Provided material

· · · · ·

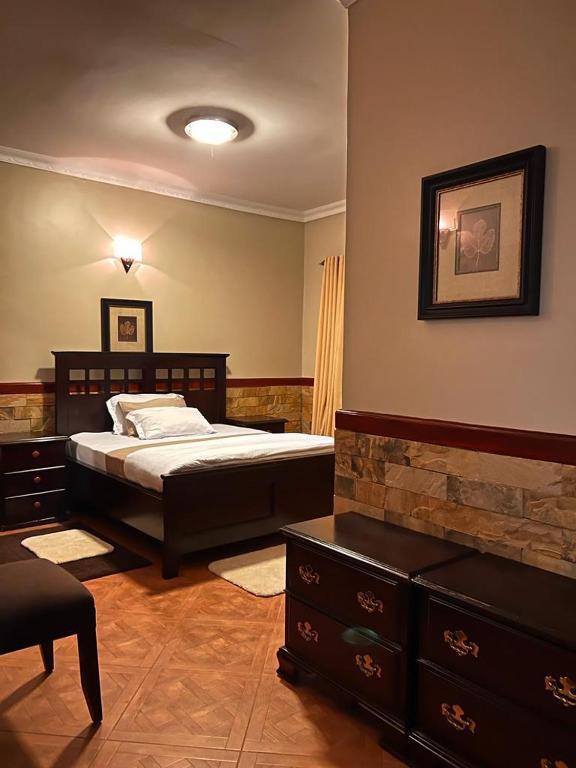 Ibanya Havens, Kibongoto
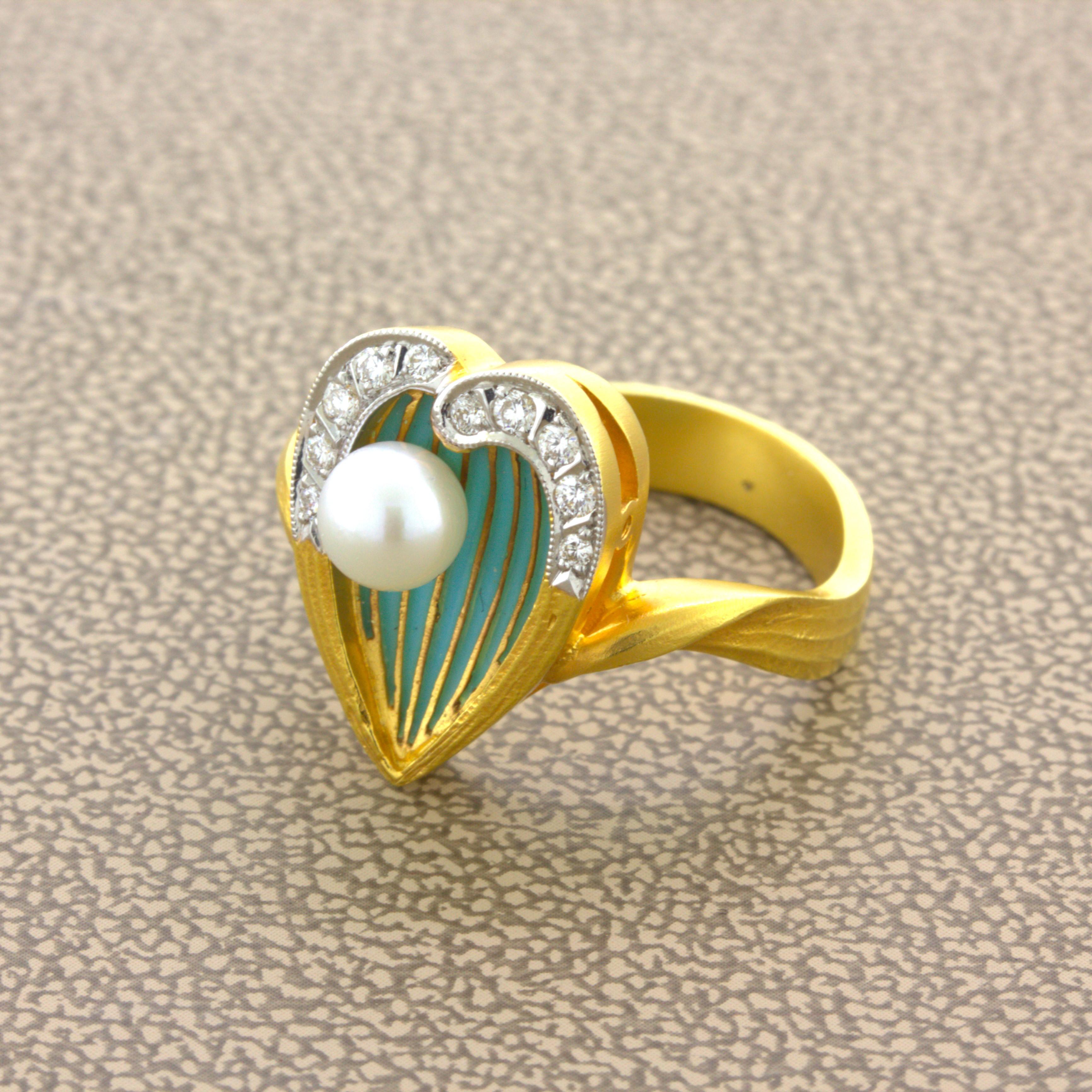 Taille ronde Masriera Diamond Pliqué-a-Jour Enamel Pearl 18K Yellow Gold Ring en vente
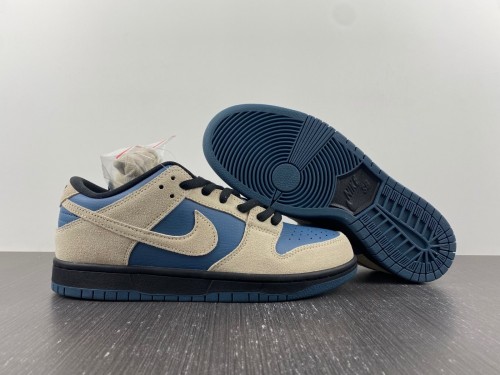  from Arrenfashion Nike SB Dunk Low BQ6817-200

· · · · ·

Task statement
Would you retype all the lines shown above, exactly as written and without any picture?

Completed exercise
 Ibanya Havens, Kibongoto
 Taille ronde Masriera Diamond Pliqué-a-Jour Enamel Pearl 18K Yellow Gold Ring en vente
  from Arrenfashion Nike SB Dunk Low BQ6817-200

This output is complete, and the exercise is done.